What the task asks:
Drop the images; return everything else in the listing below exactly.

== Raw data

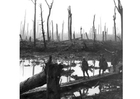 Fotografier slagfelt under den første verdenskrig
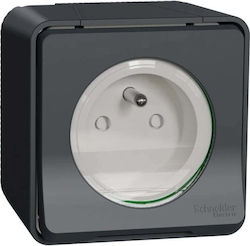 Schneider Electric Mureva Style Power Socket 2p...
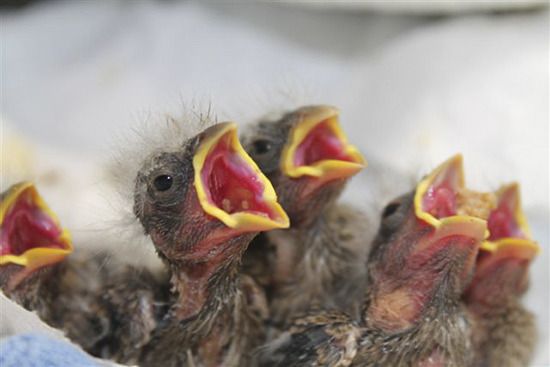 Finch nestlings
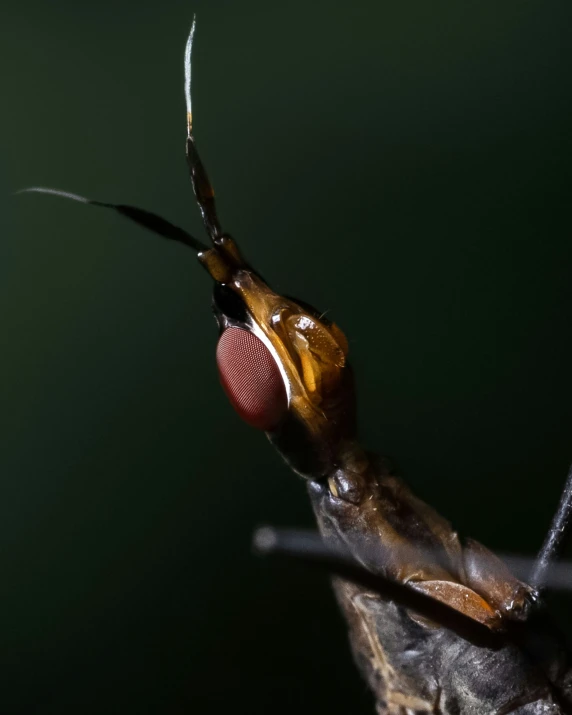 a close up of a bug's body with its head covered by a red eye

====

Written answer:
 Fotografier slagfelt under den første verdenskrig
 Schneider Electric Mureva Style Power Socket 2p...
 Finch nestlings
 a close up of a bug's body with its head covered by a red eye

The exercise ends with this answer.